Twin Cities Habitat for Humanity Blog

Vietnam "Big Build" | Day 1

Written by Guest Blogger | 3:43 PM on November 6, 2018

Guest blog by Jennifer Sarteau, 
Global Village Volunteer 

Conventional wisdom says it’s better to have a house built with bricks. We all have heard the story of the three little pigs, and the happenings of the one built with straw and the other built with sticks.

Lam and Mai live in a house with sheets as walls and sticks that hold the structure. It’s one room for three children, mom, dad, and grandma, with pigs, ducks, roosters and chicks out back in a small enclosure. This is where they sleep, cook, and eat. The floors are made of uneven ground, exposed to all that crawls and slithers.
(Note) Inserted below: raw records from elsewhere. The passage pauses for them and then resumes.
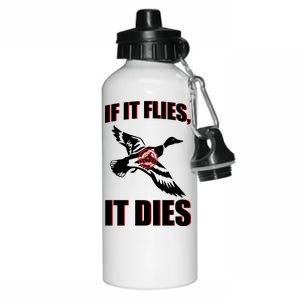 If It Flies It dies Aluminum Water Bottle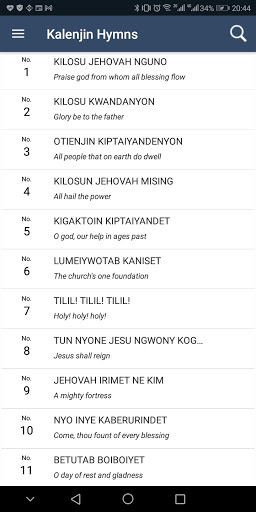 Kalenjin Hymns : Tienwogik Che Screen 2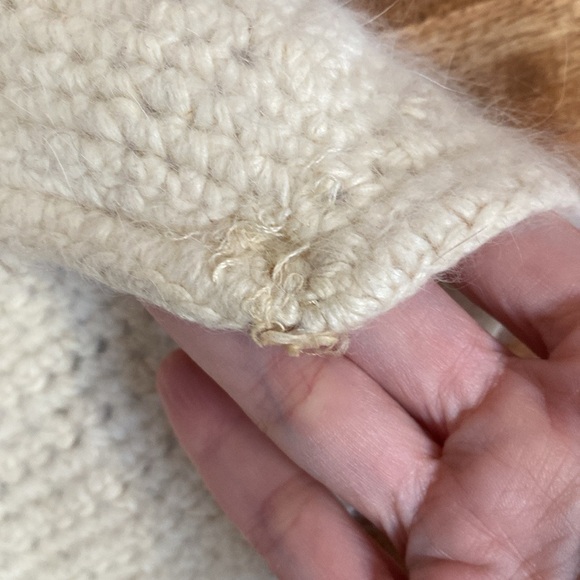 VTG 60’s Ivory Mohair Floppy Hat - Picture 12 of 13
When the rainy winds blow, the walls come tumbling down, and there’s really no place to hide in that safe dry shelter we all take for granted.

Habitat Vietnam helps people like Lam and Mai who earn about $130 dollars a month as laborers. Their new home will have cement flooring, brick walls and windows that can’t be blown down by the big bad wolf of tropical weather.

Today, our team of 14 from Twin Cities Habitat, met Lam upon arrival to the build site, along with one expert worker, who helped us learn how to lay bricks with precision, mix cement with rhythm, and install rock hard flooring. They repeatedly came to check that we followed the plumb line, with never a harsh word, just gentleness and patience.

When we left to go back to the hotel tonight, the embedded sand in our shoes and sweat-drenched T-shirt’s were our trophies. What you gain out of any build is ultimately matchless, compared to the daily toils; and building alongside a family, watching the walls go up, and the dignity and gratification written all over Lam’s moon-sized smile, reaches the eternal kind of joy written in all the happily ever afters!